_Dataset content_
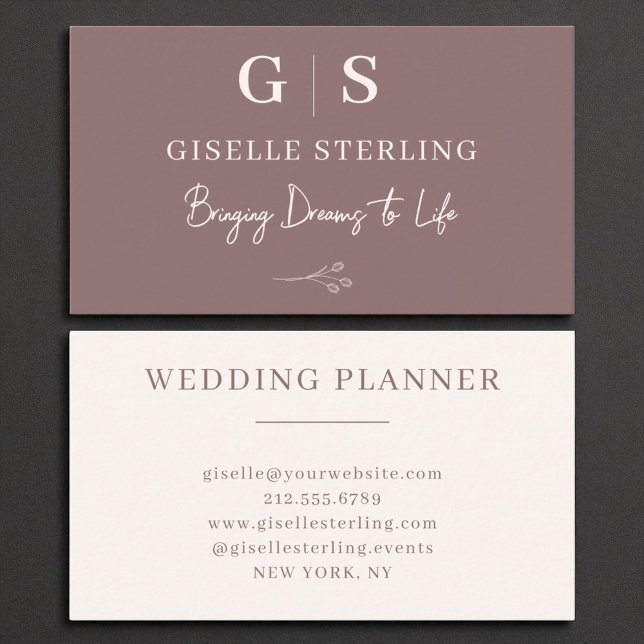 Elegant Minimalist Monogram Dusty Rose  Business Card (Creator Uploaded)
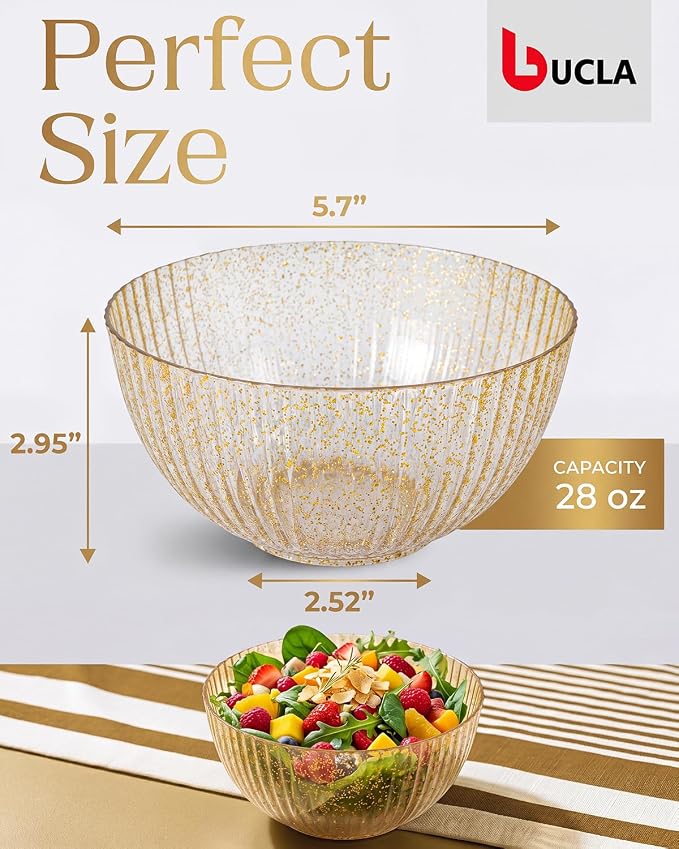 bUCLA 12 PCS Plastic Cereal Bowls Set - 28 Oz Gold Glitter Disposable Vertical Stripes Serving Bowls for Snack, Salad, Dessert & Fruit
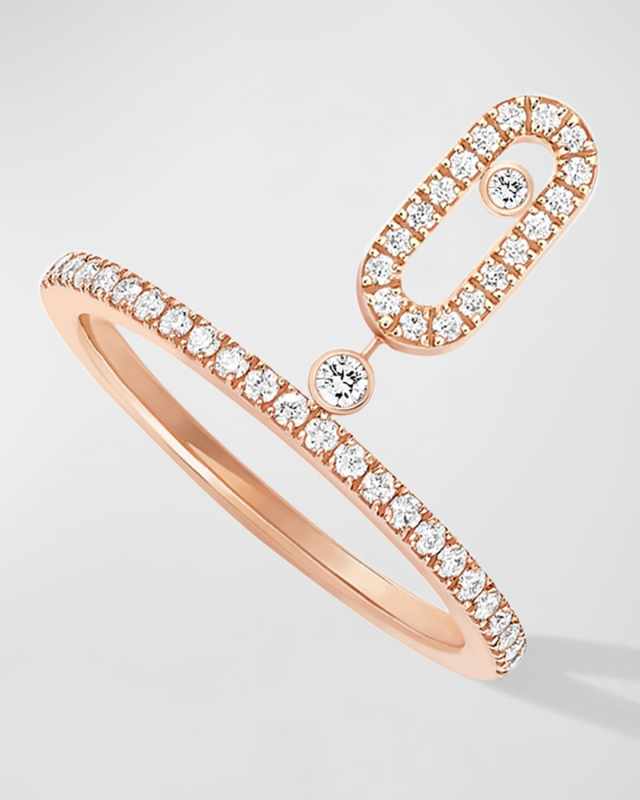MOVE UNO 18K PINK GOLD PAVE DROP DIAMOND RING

_Aim of the exercise_
Return the whole listing exactly, minus its pictures.

_Your solution_
 Elegant Minimalist Monogram Dusty Rose  Business Card (Creator Uploaded)
 bUCLA 12 PCS Plastic Cereal Bowls Set - 28 Oz Gold Glitter Disposable Vertical Stripes Serving Bowls for Snack, Salad, Dessert & Fruit
MOVE UNO 18K PINK GOLD PAVE DROP DIAMOND RING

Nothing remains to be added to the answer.